### DATA PROVIDED:
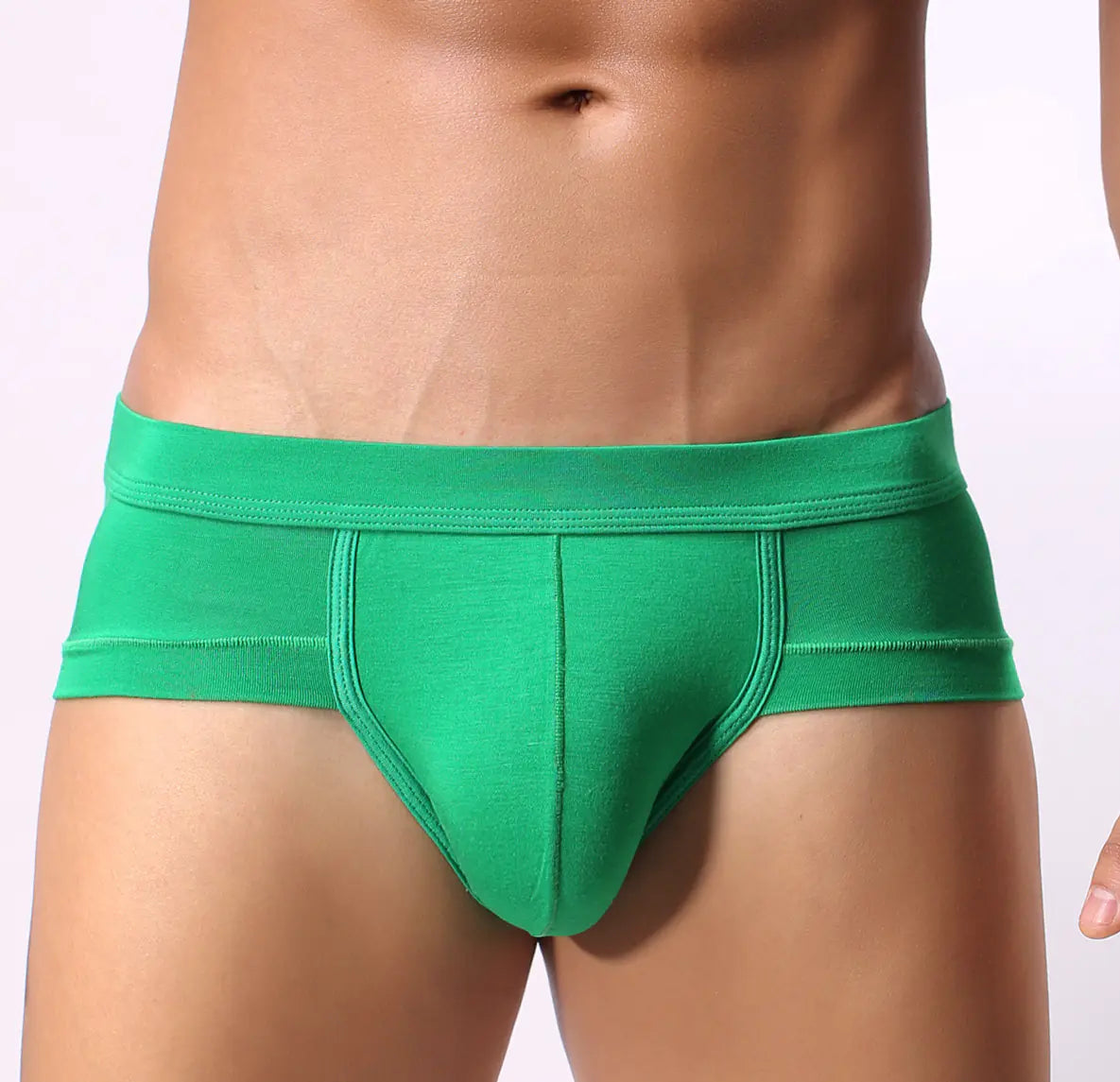 Men's Underwear - U-Shaped and Brief Styles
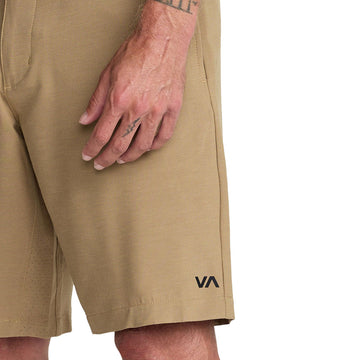 RVCA Sport Course Chino Shorts - Coyote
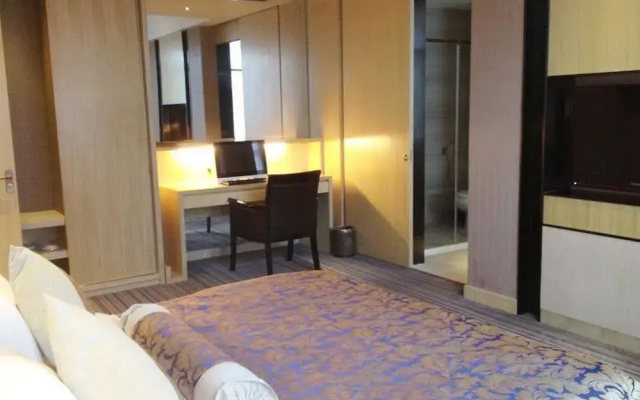 Fuqing Keith Boutique Hotel
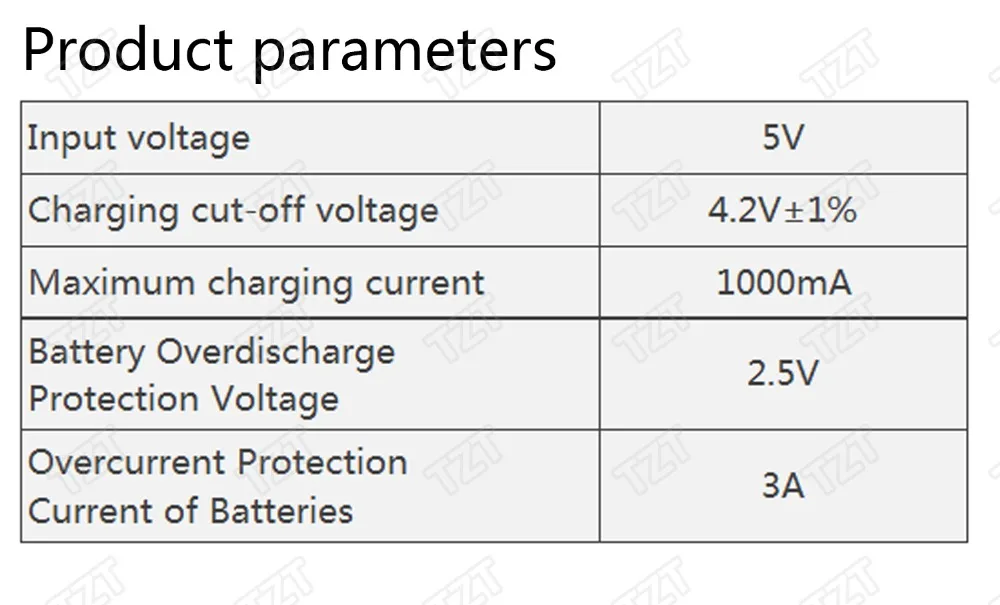 Type-c/Micro USB 5V 1A 18650 TP4056 модуль зарядного устройства для литиевых батарей зарядная плата с двухканальная видеокамера с защитой функции 1A литий-ионный аккумулятор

### PROBLEM:
All lines from the one containing "Fuqing Keith Boutique Hotel" to the last line of the data above, both included, should be printed exactly, and the pictures should not appear.

### EXERCISE RESULT:
 Fuqing Keith Boutique Hotel
 Type-c/Micro USB 5V 1A 18650 TP4056 модуль зарядного устройства для литиевых батарей зарядная плата с двухканальная видеокамера с защитой функции 1A литий-ионный аккумулятор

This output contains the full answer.